The overseas investment push by Indian companies, often seen as the assertiveness of a rising power, is increasingly spurred by difficulty finding attractive opportunities in Asia’s third-largest economy.
“We are also tendering quite actively on power projects outside India, where there is great demand, for growth,” Tata told an annual meeting of shareholders.
Tata did not elaborate on the firm’s overseas plans.
Tata Power is developing a 114 MW hydro power project in the Himalayan nation of Bhutan and has bought a 50% equity stake in a planned hydro power project in Nepal.
In 2010, it had won a bid for a 240 MW geothermal project in Indonesia in consortium with Australia’s Origin Energy and Indonesia’s PT Supraco.
Indian power developers are grappling with several problems in setting up new projects, such as delays in securing environmental clearances, farmers’ opposition to land acquisitions and the soaring prices of imported coal.
Tata said the government needed to give the utmost priority to looking into the problems of the power sector.
“The government wants the private sector to play a major role in the (power) sector. Unless land is made available, we will not be able to play our role.”
Tata said he expected the federal government to review the tariff structure for Ultra Mega Power Projects (UMPP) -- those with capacity of about 4,000 MW -- as coal prices have risen.
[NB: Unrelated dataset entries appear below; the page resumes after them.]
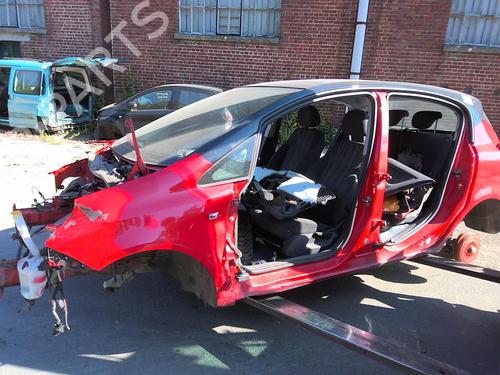 Instrument cluster OPEL CORSA D (S07) 1.3 CDTI (L08, L68) | BP20355582C47 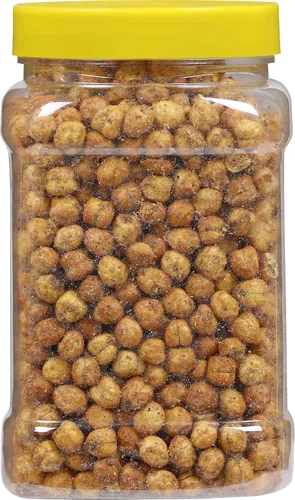 Miniatura 9 de Rani Chana asada (garbanzos) Sabor pimienta negra 14oz (400g) Tarro PET ~ Todo natural Vegano Sin conservantes Apto para gluten Kosher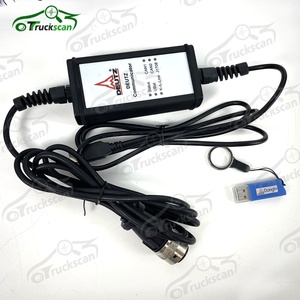 Voor Deutz Decom + Usb Dongle Emr4 6 Diagnose Kit Voor Deutz Motor Communicator Deutz Serdia Diagnostische Scanner Tool - Product Image 1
Australia’s thermal coal prices, a benchmark for Asia, were flat at just over $120 per tonne in the week ending Tuesday, as weak demand kept trading thin.
Earlier on Wednesday, Citi cut Tata Power’s target price to Rs 1,290 from Rs 1,462 and maintained a ‘buy´ rating on the back of higher input costs at its UMPP at Mundra in the western state of Gujarat.
In the June quarter, the utility posted 35% higher net profit from the previous year, at Rs 419 crore.
Also in June, it raised $334 million from a perpetual bond issue besides having raised another $450 million in April to fund its capex.
The company’s stock, which is valued by the market at $5.7 billion, closed down Rs 4.42% at Rs 1,038.30, underperforming the benchmark index , which ended down 1.29%, taking its cue from Asian peers.